[Opening Exercise inputs section]

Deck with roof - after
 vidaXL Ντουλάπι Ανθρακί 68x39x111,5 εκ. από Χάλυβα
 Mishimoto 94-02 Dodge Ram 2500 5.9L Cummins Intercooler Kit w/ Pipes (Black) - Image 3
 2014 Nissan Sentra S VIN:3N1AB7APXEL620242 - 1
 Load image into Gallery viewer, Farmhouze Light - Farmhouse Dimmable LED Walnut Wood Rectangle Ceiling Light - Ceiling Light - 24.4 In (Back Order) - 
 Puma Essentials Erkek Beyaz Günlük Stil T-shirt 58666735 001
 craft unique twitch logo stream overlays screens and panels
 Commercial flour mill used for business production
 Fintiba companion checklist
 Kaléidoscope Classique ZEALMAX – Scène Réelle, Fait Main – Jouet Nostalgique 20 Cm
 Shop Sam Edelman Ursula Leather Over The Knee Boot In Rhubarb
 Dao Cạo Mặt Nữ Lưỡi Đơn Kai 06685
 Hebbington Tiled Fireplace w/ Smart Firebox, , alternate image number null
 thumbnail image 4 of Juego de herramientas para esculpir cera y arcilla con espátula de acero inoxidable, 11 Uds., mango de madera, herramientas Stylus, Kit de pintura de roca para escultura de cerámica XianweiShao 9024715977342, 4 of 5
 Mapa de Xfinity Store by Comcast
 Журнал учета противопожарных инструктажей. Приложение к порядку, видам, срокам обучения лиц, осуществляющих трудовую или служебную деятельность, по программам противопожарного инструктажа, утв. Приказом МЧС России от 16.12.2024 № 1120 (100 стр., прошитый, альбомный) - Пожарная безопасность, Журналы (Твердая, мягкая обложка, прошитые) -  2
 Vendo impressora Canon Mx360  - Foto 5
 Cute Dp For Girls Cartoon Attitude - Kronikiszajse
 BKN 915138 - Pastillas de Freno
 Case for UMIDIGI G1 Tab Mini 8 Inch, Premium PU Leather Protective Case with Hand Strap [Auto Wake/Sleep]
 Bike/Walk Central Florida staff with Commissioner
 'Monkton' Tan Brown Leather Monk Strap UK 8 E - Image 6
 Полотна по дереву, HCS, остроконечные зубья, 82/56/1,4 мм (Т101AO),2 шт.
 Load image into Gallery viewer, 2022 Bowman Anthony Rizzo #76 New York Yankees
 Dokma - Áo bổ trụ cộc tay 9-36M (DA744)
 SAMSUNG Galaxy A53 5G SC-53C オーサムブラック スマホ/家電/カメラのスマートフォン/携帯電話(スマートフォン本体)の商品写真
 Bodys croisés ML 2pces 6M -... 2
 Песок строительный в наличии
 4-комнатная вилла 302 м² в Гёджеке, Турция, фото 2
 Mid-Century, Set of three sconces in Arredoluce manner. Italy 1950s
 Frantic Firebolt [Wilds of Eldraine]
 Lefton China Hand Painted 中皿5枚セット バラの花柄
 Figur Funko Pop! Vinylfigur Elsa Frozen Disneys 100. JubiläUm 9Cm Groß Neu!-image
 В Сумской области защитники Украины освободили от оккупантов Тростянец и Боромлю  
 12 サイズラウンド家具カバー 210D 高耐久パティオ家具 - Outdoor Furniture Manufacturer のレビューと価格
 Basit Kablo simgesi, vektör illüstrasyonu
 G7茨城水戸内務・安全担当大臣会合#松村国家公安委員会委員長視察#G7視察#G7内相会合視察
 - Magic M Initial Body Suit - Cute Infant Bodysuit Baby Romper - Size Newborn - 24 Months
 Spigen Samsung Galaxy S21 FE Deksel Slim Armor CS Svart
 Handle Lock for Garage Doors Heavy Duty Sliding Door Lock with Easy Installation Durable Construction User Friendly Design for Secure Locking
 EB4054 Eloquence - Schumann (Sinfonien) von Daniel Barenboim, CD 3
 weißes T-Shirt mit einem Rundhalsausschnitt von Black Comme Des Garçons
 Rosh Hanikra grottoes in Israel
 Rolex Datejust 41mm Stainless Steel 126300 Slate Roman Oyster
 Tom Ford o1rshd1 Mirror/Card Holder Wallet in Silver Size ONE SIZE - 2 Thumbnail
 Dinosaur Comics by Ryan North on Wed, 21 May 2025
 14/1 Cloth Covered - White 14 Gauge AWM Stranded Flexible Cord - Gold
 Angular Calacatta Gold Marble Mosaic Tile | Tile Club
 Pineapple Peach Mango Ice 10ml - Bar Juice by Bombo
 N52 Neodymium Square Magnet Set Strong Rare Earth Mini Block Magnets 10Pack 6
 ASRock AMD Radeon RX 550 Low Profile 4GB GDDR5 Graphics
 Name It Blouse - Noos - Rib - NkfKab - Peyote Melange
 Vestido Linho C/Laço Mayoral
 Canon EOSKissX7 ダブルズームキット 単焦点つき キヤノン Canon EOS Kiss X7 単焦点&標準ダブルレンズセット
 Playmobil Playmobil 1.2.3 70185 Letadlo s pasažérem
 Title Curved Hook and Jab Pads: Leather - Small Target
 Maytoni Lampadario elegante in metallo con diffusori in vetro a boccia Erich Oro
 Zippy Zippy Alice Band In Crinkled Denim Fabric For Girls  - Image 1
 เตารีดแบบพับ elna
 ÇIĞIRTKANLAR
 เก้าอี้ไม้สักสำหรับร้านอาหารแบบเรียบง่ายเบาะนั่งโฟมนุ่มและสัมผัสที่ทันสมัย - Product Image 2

[Closing Exercise inputs section]

● Your goal
Precisely the lines between those holding "Kaléidoscope Classique ZEALMAX" and "Hebbington Tiled Fireplace", inclusive, are to be reproduced from the listing above, with nothing added.

● Written reply
 Kaléidoscope Classique ZEALMAX – Scène Réelle, Fait Main – Jouet Nostalgique 20 Cm
 Shop Sam Edelman Ursula Leather Over The Knee Boot In Rhubarb
 Dao Cạo Mặt Nữ Lưỡi Đơn Kai 06685
 Hebbington Tiled Fireplace w/ Smart Firebox, , alternate image number null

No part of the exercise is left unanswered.